Roger Bigod (died 1107) was a Norman knight who travelled to England in the Norman Conquest. He held great power in East Anglia, and five of his descendants were earls of Norfolk. He was also known as Roger Bigot, appearing as such as a witness to the Charter of Liberties of Henry I of England.

Biography

Roger came from a fairly obscure family of poor knights in Normandy. Robert le Bigot, certainly a relation of Roger's, possibly his father, acquired an important position in the household of William, Duke of Normandy (later William I of England), due, the story goes, to his disclosure to the duke of a plot by the duke's cousin William Werlenc.[1]

Both Roger and Robert were rewarded with a substantial estate in East Anglia following the Norman Conquest of England.
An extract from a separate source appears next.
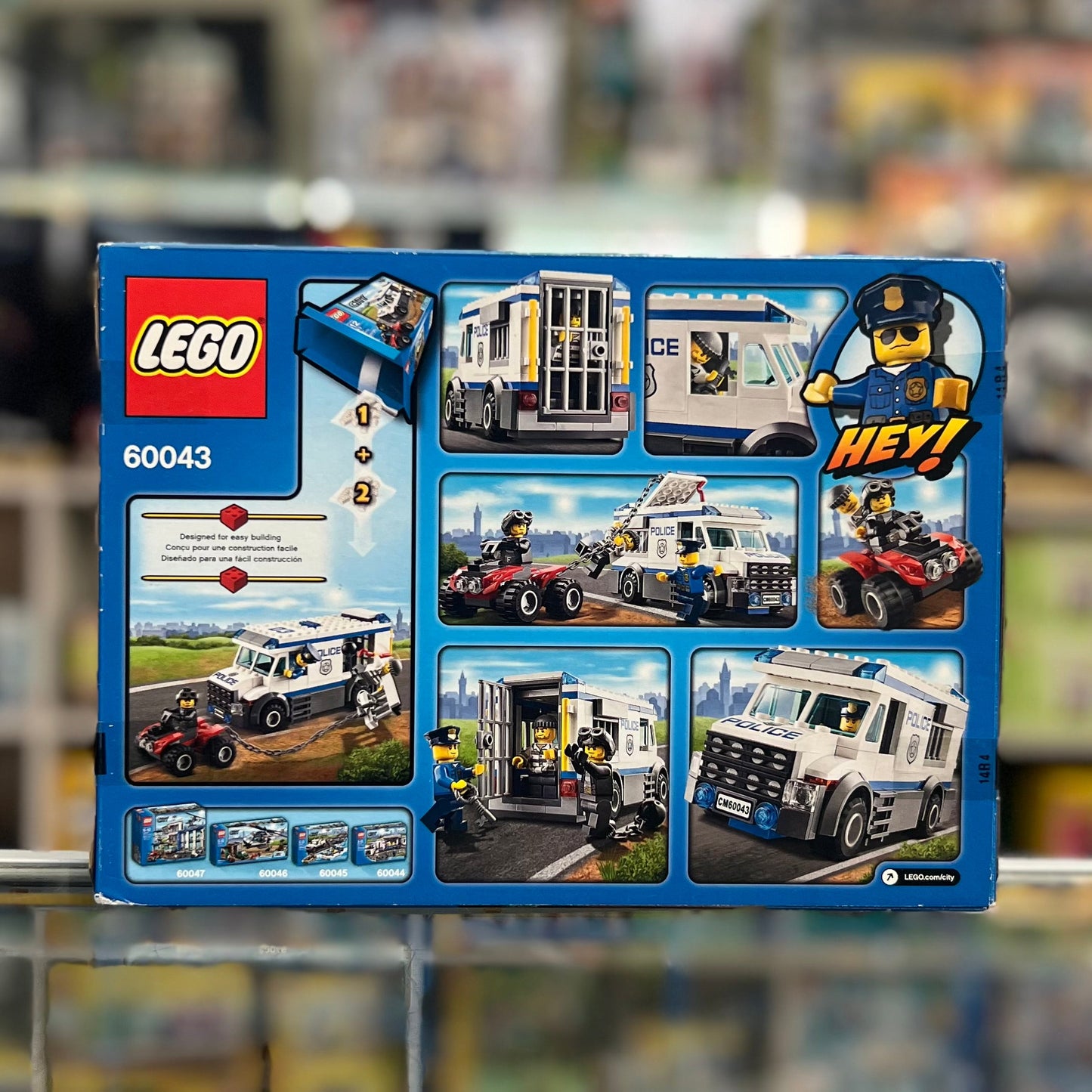 Prisoner Transporter, 60043 - LEGO® City Set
The Domesday Book of 1086 lists Roger as holding six lordships in Essex, 117 in Suffolk and 187 in Norfolk.

Roger Bigod's base was in Thetford, Norfolk, then the see of the bishop, where he founded a priory which was later given to the abbey at Cluny. In 1101 he further consolidated his power when Henry I granted him licence to build a castle at Framlingham, which became the family seat of power until their downfall in 1307. Another of his castles was Bungay Castle, also in Suffolk.

In 1069 he, Robert Malet and Ralph de Gael (then Earl of Norfolk), defeated the Dane Sweyn Estrithson's invasion attempt near Ipswich. After Ralph de Gael's fall in 1074, Roger was appointed sheriff of Norfolk and Suffolk, and acquired many of the dispossessed earl's estates. For this reason he is sometimes counted as Earl of Norfolk, but he probably was never actually created earl. (His son Hugh acquired the title earl of Norfolk in 1141.) He acquired further estates through his influence in local law courts as sheriff and great lord of the region.
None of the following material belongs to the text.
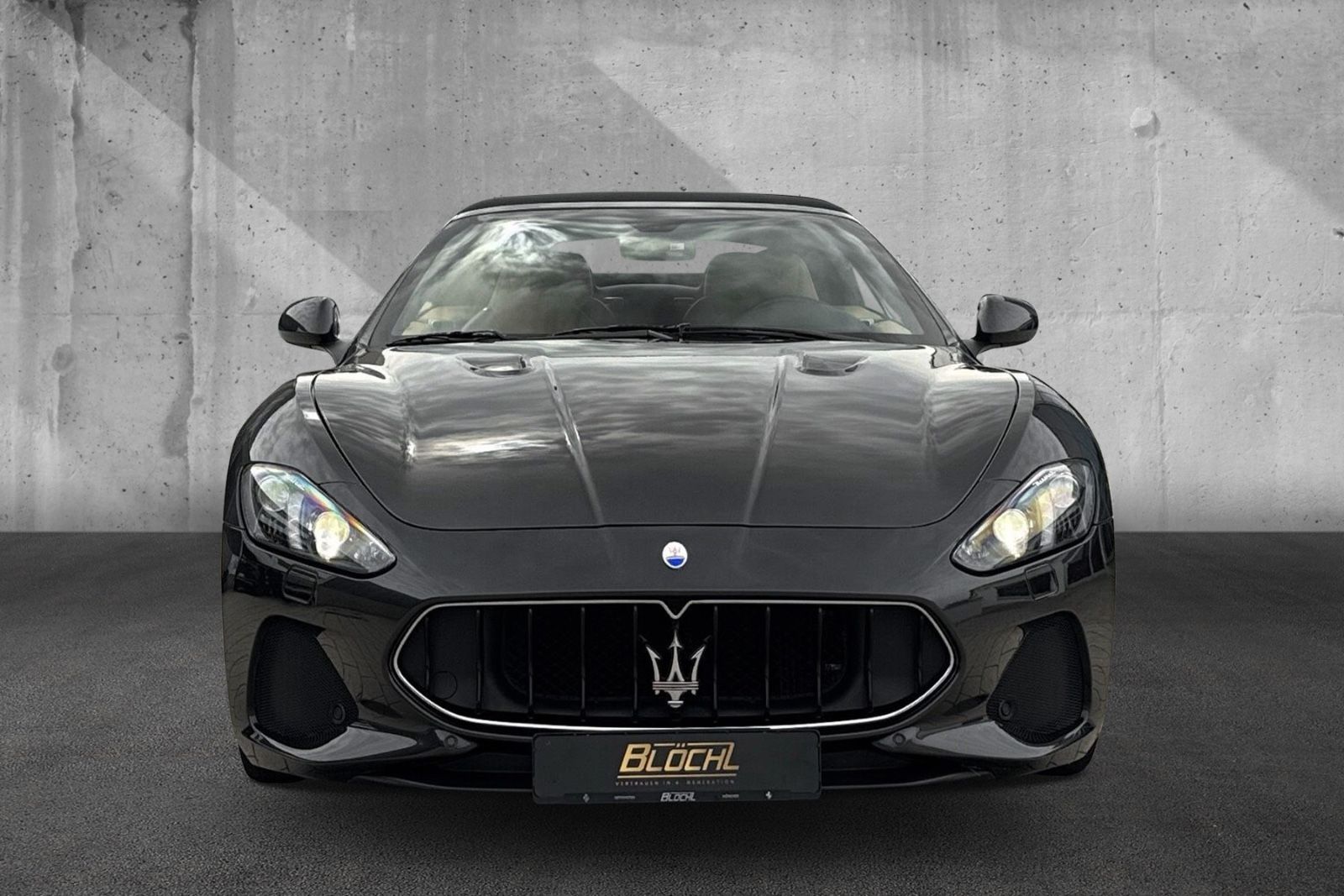 Fahrzeugabbildung Maserati GranCabrio MC*Dt. Auto*1.Hand*Facelift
In the Rebellion of 1088 he joined other barons in England against William II, whom they hoped to depose in favour of Robert Curthose, Duke of Normandy. He seems to have lost his lands after the rebellion had failed, but regained them after reconciling with the king.

In 1100, Robert Bigod (Bigot) was one of the witnesses recorded on the Charter of Liberties, King Henry I's coronation promises later to influence the Magna Carta of 1215.

In 1101 there was another attempt to bring in Robert of Normandy by removing King Henry, but this time Roger Bigod stayed loyal to the king.

He died on 9 September 1107 and is buried in Norwich. Upon his death there was a dispute over his burial place between the Bishop of Norwich, Herbert Losinga and the monks at Thetford Priory, founded by Bigod. The monks claimed Roger's body, along with those of his family and successors, had been left to them by Roger for burial in the priory in Roger's foundation charter (as was common practice at the time). The bishop of Norwich stole the body in the middle of the night and had him buried in the new cathedral he had built in Norwich.

For some time he was thought to have two wives, Adelaide/Adeliza and Alice/Adeliza de Tosny. It is now believed these were the same woman, Adeliza (Alice) de Tosny (Toeni, Toeny). She was the sister and coheiress of William de Tosny, Lord of Belvoir. Their father was Robert de Todeni.

He was succeeded by his eldest son, William Bigod, and, after William drowned in the disastrous sinking of the White Ship in 1120, by his second son, Hugh Bigod, 1st Earl of Norfolk. He also had three daughters: Gunnor, who married Robert fitz Swein of Essex, Lord of Rayleigh; Cecily, who married William d'Aubigny "Brito"; and Maud, who married William d'Aubigny "Pincerna", and was mother to William d'Aubigny, 1st Earl of Arundel.[2]

See also

Notes and References

  1. mentioned by William of Jumièges in Gesta Normannorum Ducum.
  2. Cokayne, The Complete Peerage of England, vol. 9.